**Given information**:
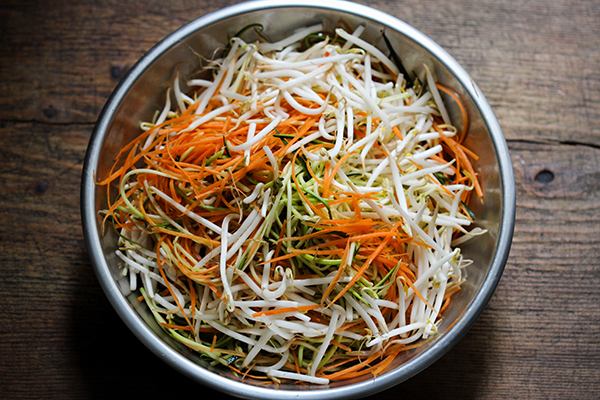 Zucchini- und Karottenstreifen mit Mungobohnen-Sprossen mischen
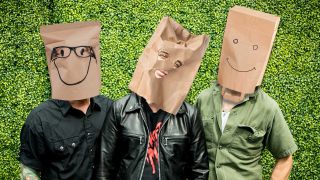A photoshop of Green Day with paper bags on their heads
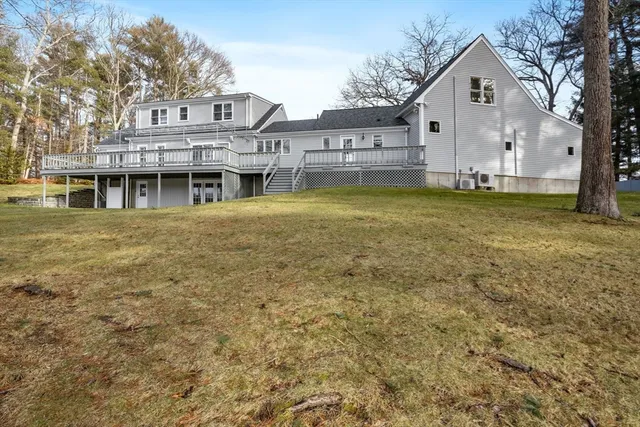 a view of a white house next to a big yard with large trees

**Exercise objective**:
Repeat the data exactly in full, omitting its pictures.

**Your response**:
 Zucchini- und Karottenstreifen mit Mungobohnen-Sprossen mischen
A photoshop of Green Day with paper bags on their heads
 a view of a white house next to a big yard with large trees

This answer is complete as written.